Все в Слониме было провинциально и второклассно. По любому трудному вопросу он сразу находил окончательное решение — только слегка споткнувшись… Выражал свое мнение, не догадываясь даже, что оно может оказаться глупым или преступным. Есть такая порода русских первых учеников.

На его примере я впервые понял, насколько восточный «второй» класс ниже западноевропейского. Сравнивать сверхкласс или «первый» класс бессмысленно. Кто лучше: Толстой, Шекспир, Пруст, Дон Кихот, Давид Копперфильд… Анна Каренина, Мадам Бовари… Пушкин, Мицкевич, Шевченко… Чехов, Кафка… Все «лучше», ибо дух абсолютен, бесконечен.

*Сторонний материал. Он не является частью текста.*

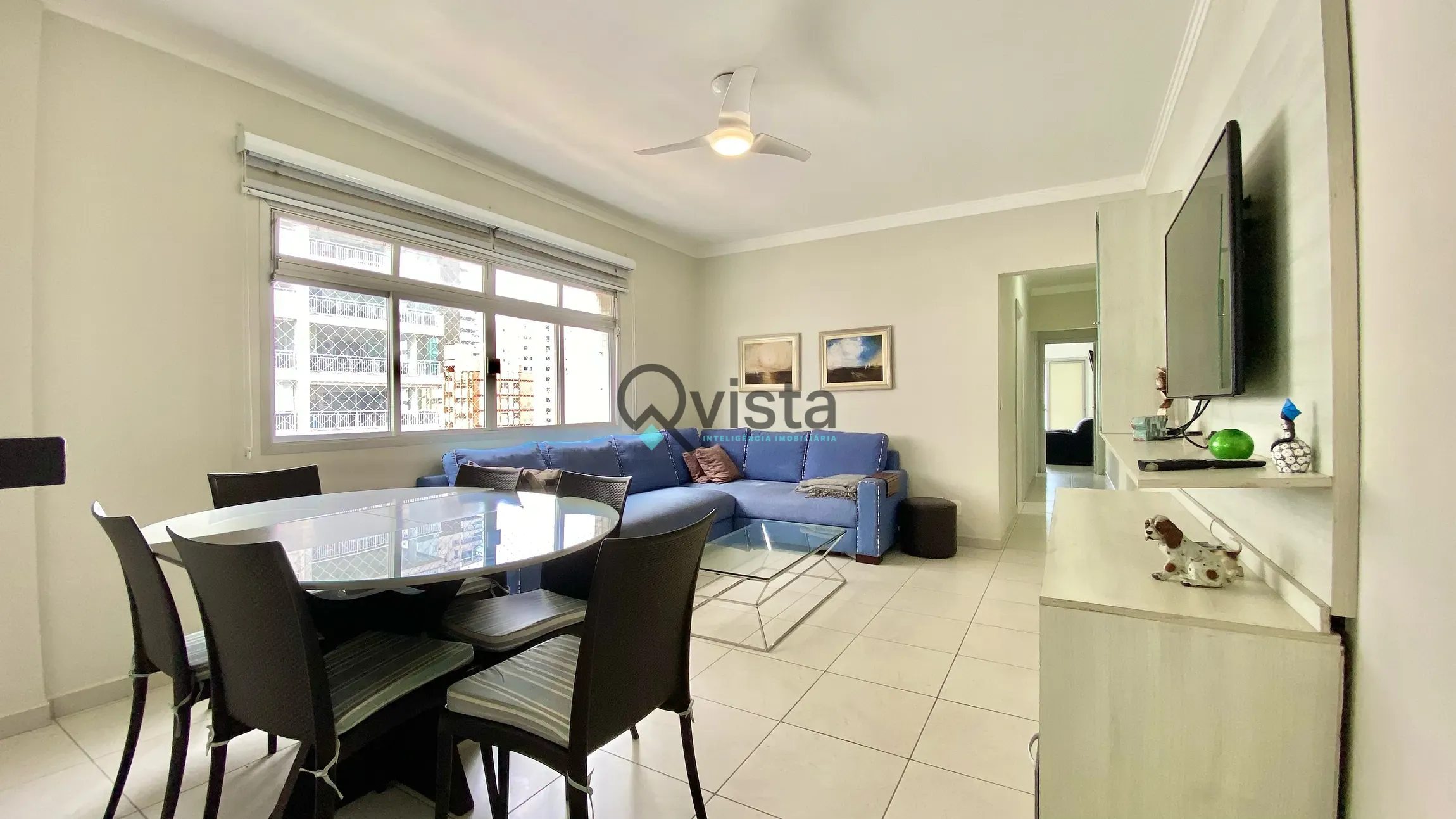 Apartamento, 2 quartos, 80 m² - Foto 2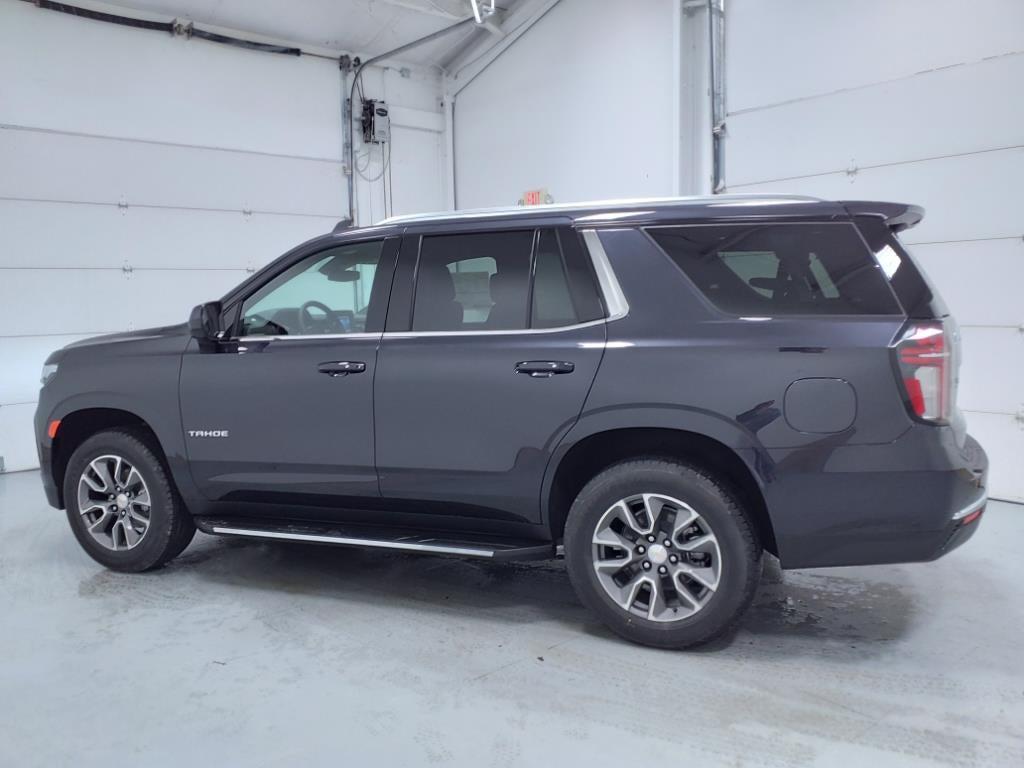 used 2024 Chevrolet Tahoe car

Но «второй» класс можно и нужно сравнивать для измерения культуры народа. И насколько этот класс на западе от Рейна лучше и выше российского! Был, есть и еще долго останется таковым, независимо от всех космонавтов.

Главным поприщем Слонима являлась политика, не совсем чистая политика. Но он находил время, чтобы заниматься также искусством и, по-видимому, любил это трудное занятие. Причем не ограничивал себя пределами одной культуры. В самом деле, он знал толк и в французских школах, и в итальянских романах, и в американских новеллах: для русского интеллигента, успешно боровшегося с царским режимом, нет и не может быть мещанских ограничений.


В «Кочевье» периода расцвета появлялась Цветаева. Мы все, разумеется, признавали огромный талант Марины Ивановны. Многие даже терпеливо переносили ее утомительную, трескучую прозу.

С годами дар и мастерство поэта развивались, но наше отношение к Цветаевой менялось к худшему. Неожиданно читатель, слушатель, поклонник просыпался утром с грустным убеждением, что Цветаева все-таки не гений, а главное, что ей чего-то основного не хватает!

Я постепенно начал считать ее в каком-то плане дурехой, что многое объясняло. В молодости такого рода мнения создаются легко и беззаботно.

— Позерка, — испуганно глядя поверх очков, шептал Ремизов, особенно не любивший ее прозы и манеры декламации.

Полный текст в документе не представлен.